## About this exercise
Below are some records. Return exactly the lines from the one with "Po przybyciu na" to the one with "W końcowej fazie", and nothing else.

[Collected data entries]
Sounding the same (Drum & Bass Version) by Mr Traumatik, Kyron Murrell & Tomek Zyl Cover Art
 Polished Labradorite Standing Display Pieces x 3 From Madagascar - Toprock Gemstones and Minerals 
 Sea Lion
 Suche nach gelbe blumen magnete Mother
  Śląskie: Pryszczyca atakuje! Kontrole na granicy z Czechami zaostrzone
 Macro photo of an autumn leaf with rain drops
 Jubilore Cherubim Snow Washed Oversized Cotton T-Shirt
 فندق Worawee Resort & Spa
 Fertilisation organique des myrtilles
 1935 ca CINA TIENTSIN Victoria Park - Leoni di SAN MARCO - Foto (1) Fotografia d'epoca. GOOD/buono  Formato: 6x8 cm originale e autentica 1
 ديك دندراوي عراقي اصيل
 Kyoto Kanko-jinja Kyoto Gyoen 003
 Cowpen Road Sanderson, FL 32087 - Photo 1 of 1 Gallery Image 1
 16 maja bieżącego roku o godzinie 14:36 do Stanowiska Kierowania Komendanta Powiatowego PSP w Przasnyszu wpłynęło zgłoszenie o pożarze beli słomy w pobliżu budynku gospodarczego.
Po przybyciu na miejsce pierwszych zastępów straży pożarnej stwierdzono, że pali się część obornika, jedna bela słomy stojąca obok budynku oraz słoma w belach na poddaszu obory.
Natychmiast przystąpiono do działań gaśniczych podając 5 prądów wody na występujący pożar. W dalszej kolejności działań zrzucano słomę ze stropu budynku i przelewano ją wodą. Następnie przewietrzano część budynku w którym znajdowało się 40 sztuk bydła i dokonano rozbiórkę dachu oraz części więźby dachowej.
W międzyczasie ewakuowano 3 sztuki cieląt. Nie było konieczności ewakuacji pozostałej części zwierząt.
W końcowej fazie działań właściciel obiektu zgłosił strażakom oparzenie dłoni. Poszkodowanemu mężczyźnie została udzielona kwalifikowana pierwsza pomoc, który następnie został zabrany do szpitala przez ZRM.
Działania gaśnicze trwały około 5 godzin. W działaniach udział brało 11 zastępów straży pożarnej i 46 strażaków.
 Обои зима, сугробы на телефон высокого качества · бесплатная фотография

## Exercise solution
Po przybyciu na miejsce pierwszych zastępów straży pożarnej stwierdzono, że pali się część obornika, jedna bela słomy stojąca obok budynku oraz słoma w belach na poddaszu obory.
Natychmiast przystąpiono do działań gaśniczych podając 5 prądów wody na występujący pożar. W dalszej kolejności działań zrzucano słomę ze stropu budynku i przelewano ją wodą. Następnie przewietrzano część budynku w którym znajdowało się 40 sztuk bydła i dokonano rozbiórkę dachu oraz części więźby dachowej.
W międzyczasie ewakuowano 3 sztuki cieląt. Nie było konieczności ewakuacji pozostałej części zwierząt.
W końcowej fazie działań właściciel obiektu zgłosił strażakom oparzenie dłoni. Poszkodowanemu mężczyźnie została udzielona kwalifikowana pierwsza pomoc, który następnie został zabrany do szpitala przez ZRM.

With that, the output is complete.